**EXERCISE DIRECTIONS**.
Look in the material below for the line with "Fahrzeugabbildung Kia ProCeed" and the line with "梦小小女装2025夏季新款法式百搭时尚皱褶小飞袖圆领套头衬衫女", then set down exactly those two lines and all lines between, nothing more.

**RECORDS TO USE**.
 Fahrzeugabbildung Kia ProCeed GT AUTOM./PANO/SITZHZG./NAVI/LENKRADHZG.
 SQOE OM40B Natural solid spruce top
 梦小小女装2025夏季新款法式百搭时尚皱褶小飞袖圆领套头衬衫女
--
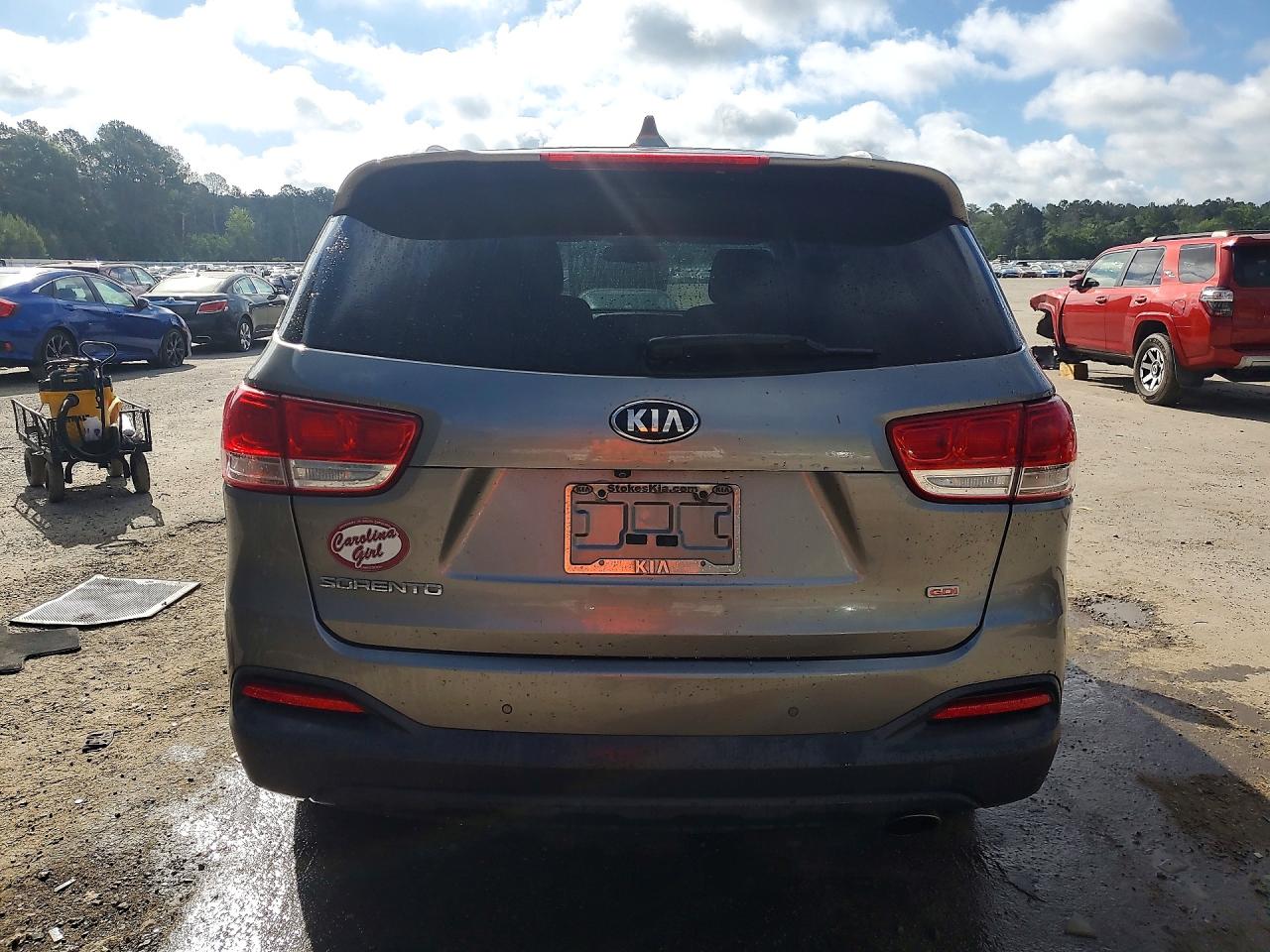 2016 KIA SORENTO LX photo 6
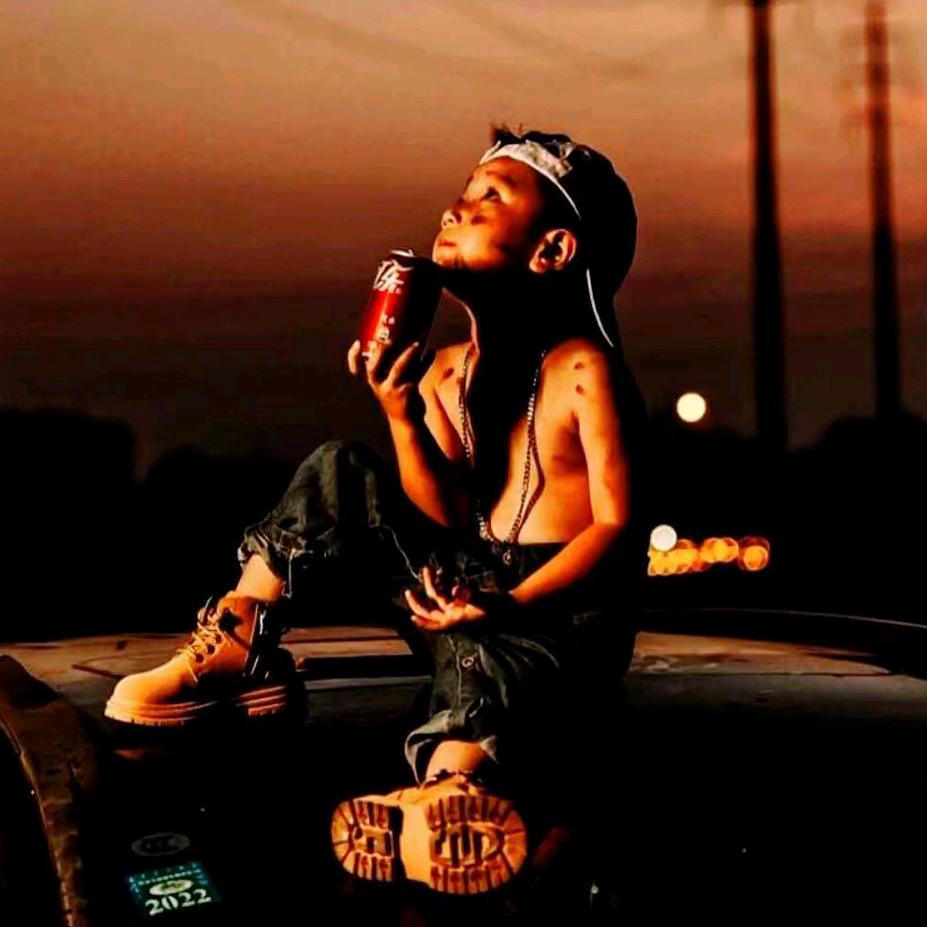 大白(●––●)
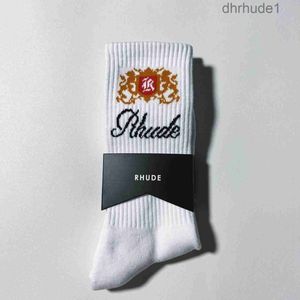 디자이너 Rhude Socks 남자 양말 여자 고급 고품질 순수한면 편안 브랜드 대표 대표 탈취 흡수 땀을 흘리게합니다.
---
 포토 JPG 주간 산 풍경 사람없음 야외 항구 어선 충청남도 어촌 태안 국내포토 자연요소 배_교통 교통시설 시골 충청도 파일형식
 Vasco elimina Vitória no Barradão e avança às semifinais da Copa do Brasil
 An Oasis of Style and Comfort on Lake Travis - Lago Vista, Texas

**RESPONSE BOX**.
 Fahrzeugabbildung Kia ProCeed GT AUTOM./PANO/SITZHZG./NAVI/LENKRADHZG.
 SQOE OM40B Natural solid spruce top
 梦小小女装2025夏季新款法式百搭时尚皱褶小飞袖圆领套头衬衫女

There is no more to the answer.